苏翩语却蹙眉:“阿语腿伤未愈,无法担任此重任,还请何总管禀告**太后。”
何喜对她的反应并不意外,只是挥挥手,让人上前推苏翩语的轮椅:“苏夫人,若要推辞,还请进宫面禀**太后她老人家。”
苏南站起身想要阻拦,却被何喜带来的人拦住。
他气得沉下脸:“何总管,小女不肯进宫,你岂可强迫?!”
何喜也冷脸道:“胆敢阻挠**太后懿旨,苏老爷真是胆大包天!”
说完他也不多纠缠,脚底抹油就溜了。
苏翩语被人强行带进宁寿宫,却没有见到**太后王氏,反而被安排在宁寿宫后偏殿住了下来。
看到之前伺候过她一天的两个健硕仆妇,苏翩语当即明白过来,这一切都是陆梵的安排!
他是想用女官职位,把她禁锢在皇宫之中。
苏翩语心中烦闷,却也只能先好好养伤,日后再寻找机会离宫。
转眼到了八月十五中秋节。
宫中举办家宴,荣王妃刘怡萱过来拜见**太后,抽空便到后殿看望苏翩语。
她语气带着几分感叹:“魏国公府倒终于做了件人事,徐城璧与徐鹏举二人日日上苏家门口袒露上身负荆请罪,为你挽回不少声誉。”

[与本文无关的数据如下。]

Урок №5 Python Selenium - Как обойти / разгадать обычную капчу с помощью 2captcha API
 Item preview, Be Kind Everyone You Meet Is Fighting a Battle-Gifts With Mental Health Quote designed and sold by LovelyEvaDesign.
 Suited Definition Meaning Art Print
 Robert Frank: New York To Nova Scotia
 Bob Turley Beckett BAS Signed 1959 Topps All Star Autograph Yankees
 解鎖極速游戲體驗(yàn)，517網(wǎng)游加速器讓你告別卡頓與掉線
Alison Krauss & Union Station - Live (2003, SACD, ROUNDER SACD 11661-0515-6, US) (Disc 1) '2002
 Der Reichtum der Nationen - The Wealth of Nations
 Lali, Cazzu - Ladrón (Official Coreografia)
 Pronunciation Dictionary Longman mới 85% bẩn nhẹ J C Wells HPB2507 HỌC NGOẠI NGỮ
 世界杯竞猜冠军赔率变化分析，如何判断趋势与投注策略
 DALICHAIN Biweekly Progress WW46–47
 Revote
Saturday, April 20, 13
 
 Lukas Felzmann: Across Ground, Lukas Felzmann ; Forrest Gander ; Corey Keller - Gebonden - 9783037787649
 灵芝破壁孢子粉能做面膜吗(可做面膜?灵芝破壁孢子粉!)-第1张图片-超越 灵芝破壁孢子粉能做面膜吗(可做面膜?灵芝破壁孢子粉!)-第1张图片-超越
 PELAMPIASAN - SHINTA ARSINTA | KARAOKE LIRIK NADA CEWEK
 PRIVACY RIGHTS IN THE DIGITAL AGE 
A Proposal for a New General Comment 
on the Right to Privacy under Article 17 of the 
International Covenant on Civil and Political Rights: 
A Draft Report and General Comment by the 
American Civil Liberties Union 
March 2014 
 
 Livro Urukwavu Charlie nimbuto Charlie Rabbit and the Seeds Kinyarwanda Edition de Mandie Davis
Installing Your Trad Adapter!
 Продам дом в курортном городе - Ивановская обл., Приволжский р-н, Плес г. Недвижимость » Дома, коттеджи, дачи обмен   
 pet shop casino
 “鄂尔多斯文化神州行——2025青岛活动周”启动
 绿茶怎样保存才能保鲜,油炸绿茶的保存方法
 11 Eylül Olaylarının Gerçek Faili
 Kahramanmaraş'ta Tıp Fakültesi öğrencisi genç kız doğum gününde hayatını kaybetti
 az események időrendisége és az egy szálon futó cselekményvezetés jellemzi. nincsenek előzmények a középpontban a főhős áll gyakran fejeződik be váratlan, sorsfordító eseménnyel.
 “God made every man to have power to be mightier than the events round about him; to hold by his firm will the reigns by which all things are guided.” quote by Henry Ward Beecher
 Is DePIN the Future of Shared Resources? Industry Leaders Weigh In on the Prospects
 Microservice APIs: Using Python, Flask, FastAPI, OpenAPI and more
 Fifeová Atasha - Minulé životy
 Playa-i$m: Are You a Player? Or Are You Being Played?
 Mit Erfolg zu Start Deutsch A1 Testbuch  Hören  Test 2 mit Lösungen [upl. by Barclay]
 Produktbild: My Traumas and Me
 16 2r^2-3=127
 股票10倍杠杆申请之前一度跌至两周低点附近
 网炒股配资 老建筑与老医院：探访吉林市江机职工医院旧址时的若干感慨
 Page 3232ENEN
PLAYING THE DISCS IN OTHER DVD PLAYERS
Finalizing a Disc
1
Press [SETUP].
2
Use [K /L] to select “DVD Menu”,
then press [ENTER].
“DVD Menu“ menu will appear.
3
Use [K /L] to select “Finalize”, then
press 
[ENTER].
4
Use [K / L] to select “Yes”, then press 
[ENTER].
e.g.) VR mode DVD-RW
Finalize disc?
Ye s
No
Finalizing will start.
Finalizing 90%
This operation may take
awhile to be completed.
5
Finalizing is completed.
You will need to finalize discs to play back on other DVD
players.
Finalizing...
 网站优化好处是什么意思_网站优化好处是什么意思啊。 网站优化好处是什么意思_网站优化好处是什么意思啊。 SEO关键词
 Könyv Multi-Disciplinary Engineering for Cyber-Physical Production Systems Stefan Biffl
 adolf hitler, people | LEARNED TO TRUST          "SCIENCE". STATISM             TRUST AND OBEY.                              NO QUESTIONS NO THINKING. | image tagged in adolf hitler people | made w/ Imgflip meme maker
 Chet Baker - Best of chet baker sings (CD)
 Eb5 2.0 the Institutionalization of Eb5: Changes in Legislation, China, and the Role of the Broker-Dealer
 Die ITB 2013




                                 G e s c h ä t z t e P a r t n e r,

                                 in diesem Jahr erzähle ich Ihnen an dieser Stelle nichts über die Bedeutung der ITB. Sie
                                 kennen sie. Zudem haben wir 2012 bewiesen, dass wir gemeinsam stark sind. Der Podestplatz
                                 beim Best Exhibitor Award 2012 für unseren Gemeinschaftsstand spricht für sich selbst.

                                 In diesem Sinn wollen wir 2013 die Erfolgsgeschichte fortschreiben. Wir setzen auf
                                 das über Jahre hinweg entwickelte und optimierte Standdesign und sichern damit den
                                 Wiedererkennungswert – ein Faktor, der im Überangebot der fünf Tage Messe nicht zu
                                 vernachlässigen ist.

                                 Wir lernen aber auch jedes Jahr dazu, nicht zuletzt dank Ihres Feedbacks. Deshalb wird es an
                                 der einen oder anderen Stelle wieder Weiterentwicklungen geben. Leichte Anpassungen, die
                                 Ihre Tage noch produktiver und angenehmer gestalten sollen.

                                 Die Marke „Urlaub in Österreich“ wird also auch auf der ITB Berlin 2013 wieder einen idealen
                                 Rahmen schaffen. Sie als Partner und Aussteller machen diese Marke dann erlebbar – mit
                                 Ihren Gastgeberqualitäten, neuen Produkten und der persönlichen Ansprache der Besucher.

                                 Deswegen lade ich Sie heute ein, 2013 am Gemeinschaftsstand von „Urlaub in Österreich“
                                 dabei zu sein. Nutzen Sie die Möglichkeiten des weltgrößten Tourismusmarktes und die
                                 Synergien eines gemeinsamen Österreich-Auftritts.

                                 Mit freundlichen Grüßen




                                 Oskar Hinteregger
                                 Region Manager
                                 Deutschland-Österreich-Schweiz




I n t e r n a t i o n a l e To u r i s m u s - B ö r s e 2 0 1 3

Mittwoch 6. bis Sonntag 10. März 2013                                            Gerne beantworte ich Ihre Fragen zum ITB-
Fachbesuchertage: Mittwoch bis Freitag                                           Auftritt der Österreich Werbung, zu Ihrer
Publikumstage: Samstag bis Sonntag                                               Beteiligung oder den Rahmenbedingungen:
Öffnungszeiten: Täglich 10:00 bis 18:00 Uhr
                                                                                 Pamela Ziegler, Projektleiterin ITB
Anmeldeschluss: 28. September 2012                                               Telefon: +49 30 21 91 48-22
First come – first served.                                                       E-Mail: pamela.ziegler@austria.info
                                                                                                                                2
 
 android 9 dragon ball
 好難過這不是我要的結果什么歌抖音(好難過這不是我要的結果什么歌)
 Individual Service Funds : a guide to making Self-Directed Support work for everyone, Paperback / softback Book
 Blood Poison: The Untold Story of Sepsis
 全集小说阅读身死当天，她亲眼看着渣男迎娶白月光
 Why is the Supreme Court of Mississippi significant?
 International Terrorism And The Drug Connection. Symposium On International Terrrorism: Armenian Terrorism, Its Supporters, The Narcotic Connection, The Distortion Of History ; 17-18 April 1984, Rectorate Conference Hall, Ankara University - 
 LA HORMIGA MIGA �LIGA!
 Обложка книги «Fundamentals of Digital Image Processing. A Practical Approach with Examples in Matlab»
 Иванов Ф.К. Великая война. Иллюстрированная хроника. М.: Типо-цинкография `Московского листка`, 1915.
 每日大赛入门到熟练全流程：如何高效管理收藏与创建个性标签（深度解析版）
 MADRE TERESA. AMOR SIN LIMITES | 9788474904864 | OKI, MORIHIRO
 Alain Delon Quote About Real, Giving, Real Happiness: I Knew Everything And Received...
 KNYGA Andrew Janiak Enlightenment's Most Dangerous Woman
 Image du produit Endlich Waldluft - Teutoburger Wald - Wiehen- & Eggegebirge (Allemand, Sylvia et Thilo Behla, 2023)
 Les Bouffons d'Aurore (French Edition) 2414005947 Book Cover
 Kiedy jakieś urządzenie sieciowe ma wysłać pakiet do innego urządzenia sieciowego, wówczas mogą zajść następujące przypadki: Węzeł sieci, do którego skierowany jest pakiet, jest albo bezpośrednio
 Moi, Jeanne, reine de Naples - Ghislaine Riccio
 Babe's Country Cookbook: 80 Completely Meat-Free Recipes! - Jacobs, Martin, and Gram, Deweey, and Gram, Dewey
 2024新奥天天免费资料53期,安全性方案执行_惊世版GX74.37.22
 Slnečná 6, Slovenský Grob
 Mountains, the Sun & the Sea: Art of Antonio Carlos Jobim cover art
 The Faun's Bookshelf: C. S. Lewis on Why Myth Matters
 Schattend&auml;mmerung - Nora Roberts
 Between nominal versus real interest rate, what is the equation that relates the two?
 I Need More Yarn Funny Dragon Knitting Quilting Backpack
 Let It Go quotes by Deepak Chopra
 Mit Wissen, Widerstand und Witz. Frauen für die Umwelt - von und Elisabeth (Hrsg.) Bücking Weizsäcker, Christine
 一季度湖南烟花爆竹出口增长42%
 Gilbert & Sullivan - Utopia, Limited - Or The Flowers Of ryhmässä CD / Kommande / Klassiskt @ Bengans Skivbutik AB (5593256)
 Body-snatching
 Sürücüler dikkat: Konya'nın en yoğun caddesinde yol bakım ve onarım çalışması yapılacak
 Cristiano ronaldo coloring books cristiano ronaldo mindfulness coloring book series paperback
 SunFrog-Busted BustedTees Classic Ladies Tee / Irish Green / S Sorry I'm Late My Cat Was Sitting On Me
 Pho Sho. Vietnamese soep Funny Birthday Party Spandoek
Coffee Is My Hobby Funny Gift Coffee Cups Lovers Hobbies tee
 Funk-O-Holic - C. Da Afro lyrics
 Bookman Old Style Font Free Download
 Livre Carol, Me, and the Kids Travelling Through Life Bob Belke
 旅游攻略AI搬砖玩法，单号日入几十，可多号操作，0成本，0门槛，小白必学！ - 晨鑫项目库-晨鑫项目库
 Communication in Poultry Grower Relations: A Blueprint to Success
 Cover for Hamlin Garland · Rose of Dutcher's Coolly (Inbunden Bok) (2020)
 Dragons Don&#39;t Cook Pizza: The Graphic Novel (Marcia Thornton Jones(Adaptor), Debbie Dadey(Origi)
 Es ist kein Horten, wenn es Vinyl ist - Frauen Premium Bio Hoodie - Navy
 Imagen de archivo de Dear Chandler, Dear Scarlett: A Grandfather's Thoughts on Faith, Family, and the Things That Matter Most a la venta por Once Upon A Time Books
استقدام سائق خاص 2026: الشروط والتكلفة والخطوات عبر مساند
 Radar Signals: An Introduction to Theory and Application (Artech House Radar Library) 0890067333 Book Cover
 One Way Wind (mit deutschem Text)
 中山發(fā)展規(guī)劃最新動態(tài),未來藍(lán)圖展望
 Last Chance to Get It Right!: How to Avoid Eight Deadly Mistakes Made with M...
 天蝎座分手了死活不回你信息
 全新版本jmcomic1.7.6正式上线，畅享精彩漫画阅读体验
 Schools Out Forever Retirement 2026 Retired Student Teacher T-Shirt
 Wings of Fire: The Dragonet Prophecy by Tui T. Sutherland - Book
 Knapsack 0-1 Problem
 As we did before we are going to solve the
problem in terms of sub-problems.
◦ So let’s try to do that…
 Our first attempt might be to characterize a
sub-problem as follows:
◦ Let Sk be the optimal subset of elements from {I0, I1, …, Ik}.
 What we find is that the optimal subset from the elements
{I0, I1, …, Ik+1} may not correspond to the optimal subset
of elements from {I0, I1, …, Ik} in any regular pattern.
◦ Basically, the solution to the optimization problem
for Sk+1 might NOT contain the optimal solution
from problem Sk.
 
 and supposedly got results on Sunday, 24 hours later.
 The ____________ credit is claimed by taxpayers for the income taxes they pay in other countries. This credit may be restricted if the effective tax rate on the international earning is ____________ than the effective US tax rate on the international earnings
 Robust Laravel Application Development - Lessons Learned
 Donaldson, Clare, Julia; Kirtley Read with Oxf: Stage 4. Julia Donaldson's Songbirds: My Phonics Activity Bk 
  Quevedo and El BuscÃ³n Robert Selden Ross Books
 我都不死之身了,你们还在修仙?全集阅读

“苏老爷也硬气,把魏家当年的婚书要了回来,把聘礼全退回去,现如今,你已不再是徐鹏安的妻子,而是与他和离出了徐家的苏翩语。”
丈夫死了还能和离,苏翩语还挺意外的。
这也是好事,总算与魏国公府彻底切割。
刘怡萱眼神复杂地上下打量苏翩语。
她本来觉得自己婚姻挺不幸的。
陆佑廷与她成亲生子,对她却一直很冷淡。
可王府也没有其他通房妾室,她又生下了嫡长子,地位不可动摇,她又觉得自己过得还不错。
对比一下她恨了好几年的苏翩语,她终于觉得自己赢了。
娘家**,夫家对她落井下石、抢占嫁妆污臭名声,如今被束缚在宫中做个小小女官,这辈子都得向她卑躬屈膝。
陆佑廷喜欢她又如何?
所谓喜欢,在身份地位面前,是最不值钱的。
她幽幽道:“苏翩语,早知道你会落到这个地步,当初我就不泼你那碗汤了。”
苏翩语歉意地笑笑:“当年不懂事,害得王妃烫伤了脸,也不知道有没有留疤。”
刘怡萱脸色青一阵红一阵,冷着脸离开。
旁边的小宫女过来小声说:“荣王妃最是和气热心,您奉承着些,有什么事她也会帮衬一二。”
苏翩语微微一顿,想到荣王妃在魏国公府对自己的出言相助,认同地说:“是啊,她也帮过我。”"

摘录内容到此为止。